If everything went smoothly, you should see the :ok return value. At this point, Overseer is fully installed and ready to go. We'll first include the complete code to specify a job dependency graph and some handlers, and then walk through it. Here's our entire example namespace:

(ns myapp.core
  (:require [overseer.api :as overseer])

(def job-graph
  {:start []
   :result1 [:start]
   :result2 [:start]
   :finish [:result1 :result2]})

(def job-handlers
  {:start (fn [job] (println "start"))
   :result1 (fn [job] (println "result1"))
   :result2 (fn [job] (println "result2"))
   :finish (fn [job] (println "finish"))})

(defn -main [& args]
  (let [config {:datomic {:uri "datomic:free://localhost:4334/myapp"}}]
    (overseer/start config job-handlers)))

There are a few important components at play here. First is job-graph: this is an ordinary Clojure map that abstractly describes your jobs and the dependencies between them; you'll see that job types are specified as keywords. Each job describes the jobs it relies on, i.e. its "parents" (this may be somewhat the reverse of other graph notations where each node describes its children, i.e. all arrows going downwards). Here the :start job type has no dependencies, and so is eligible for execution as soon as we create an instance to be run. The :result1 and :result2 jobs both depend on :start, and they will not run until the :start job successfully completes. Similarly, the :finish job depends on both :result1 and :result2. Overseer handles scheduling and execution for you, so if any job fails unexpectedly, its children will not run.

Overseer does some magic behind the scenes - since :result1 and :result2 do not depend on each other, as soon as the :start job finishes, both :result1 and :result2 may start executing immediately in parallel on different machines in your cluster, depending on your configuration!

The next important concept is job-handlers. This is a Clojure map where the keys are job types corresponding to the dependency graph from before, and the values are ordinary Clojure functions to run. Overseer will automatically call these functions and pass in a job argument, which is a map of information about the current job. The example functions just print a simple message to stdout and don't do anything meaningful; real jobs of course will likely perform computation and persist their results to external storage, enabling data dependencies between jobs.

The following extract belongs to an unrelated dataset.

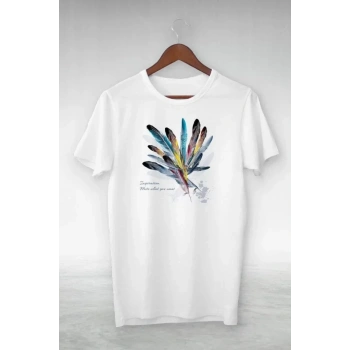 MARSiLYAN- Unisex Baskılı Oversize T-Shirt - Beyaz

That's all we need to start Overseer running! An instance of Overseer running on a machine is usually called a "worker"; you can scale a cluster to an arbitrary number of workers, who will coordinate through a central Datomic installation. We can now compile our code and start a worker running:

lein uberjar
java -jar target/myapp-0.1.0-SNAPSHOT-standalone.jar myapp.core

You should see a startup message printed to stdout, and then a loop of "waiting messages". When a worker starts up, it connects to Datomic and looks for jobs to run; since we haven't entered any jobs into the system yet it will just constantly loop, check and sleep for a while.

In a separate terminal, we can fire up lein repl and insert some jobs into the system. Jobs are entered with ordinary Datomic transactions, which Overseer provides helpers to construct, and at which point workers will pick up the jobs and execute them. Here's how to insert an entire job graph at once - this will generate unstarted instances of :start, :result1, :result2, and :finish, which will be executed by workers as their dependencies become satisfied.

myapp.core=> (require '[overseer.api :as overseer])
myapp.core=> (require '[myapp.core :as myapp])
myapp.core=> (def txns (overseer/->graph-txn myapp/job-graph))
myapp.core=> @(d/transact (d/connect uri) txns)

That's it! If you return to your worker you should see it executing the sample jobs and printing messages to the console.